++++ Material for the task ++++
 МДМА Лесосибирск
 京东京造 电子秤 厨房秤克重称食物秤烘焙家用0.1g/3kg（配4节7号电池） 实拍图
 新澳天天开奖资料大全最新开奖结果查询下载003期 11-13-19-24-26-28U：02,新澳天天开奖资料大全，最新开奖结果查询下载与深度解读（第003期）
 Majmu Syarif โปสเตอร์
++++
++++ Material for the task ++++
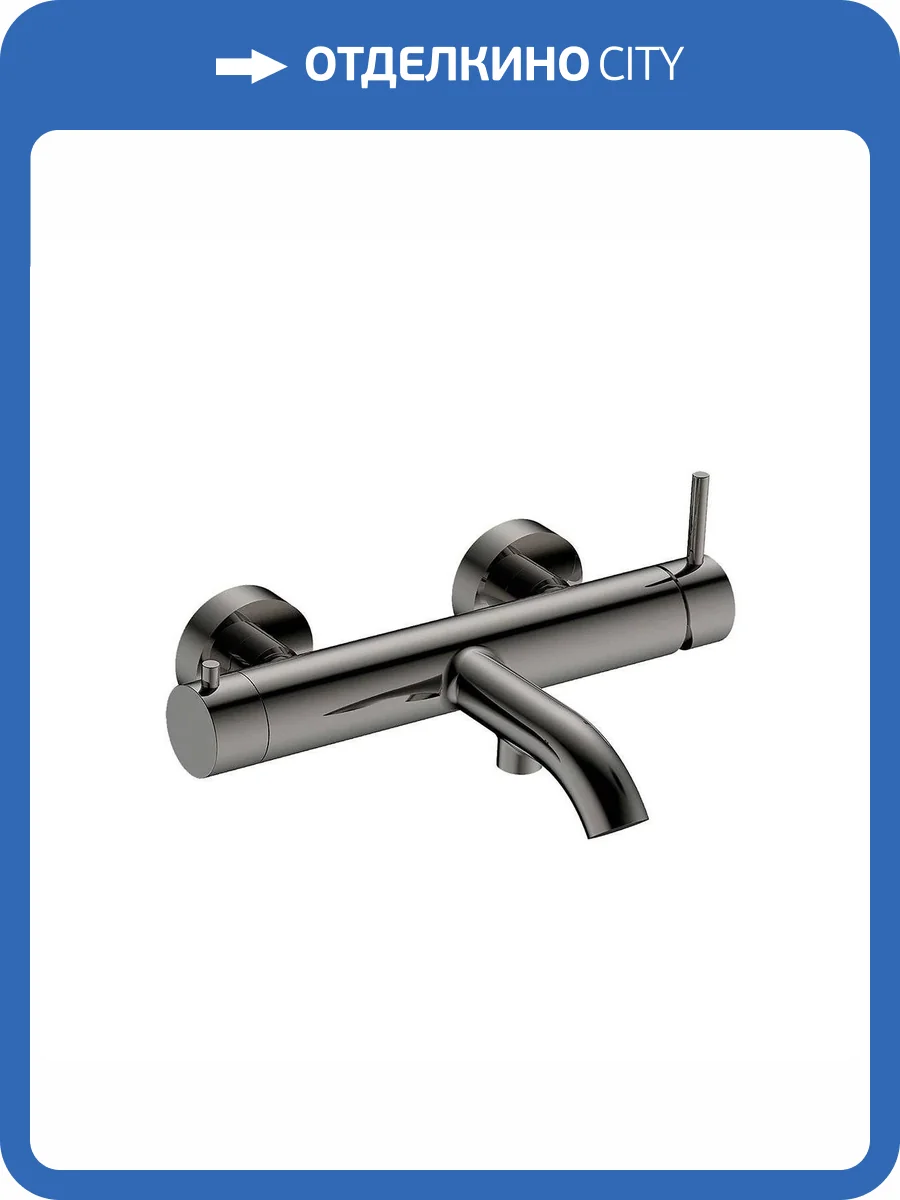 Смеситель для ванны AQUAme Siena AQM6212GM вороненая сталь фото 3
++++
In the listing above, find the line with "京东京造 电子秤 厨房秤克重称食物秤烘焙家用0.1g/3kg（配4节7号电池） 实拍图" and the line with "Majmu Syarif โปสเตอร์", then print exactly those lines and every line between them.

Output of the exercise:
 京东京造 电子秤 厨房秤克重称食物秤烘焙家用0.1g/3kg（配4节7号电池） 实拍图
 新澳天天开奖资料大全最新开奖结果查询下载003期 11-13-19-24-26-28U：02,新澳天天开奖资料大全，最新开奖结果查询下载与深度解读（第003期）
 Majmu Syarif โปสเตอร์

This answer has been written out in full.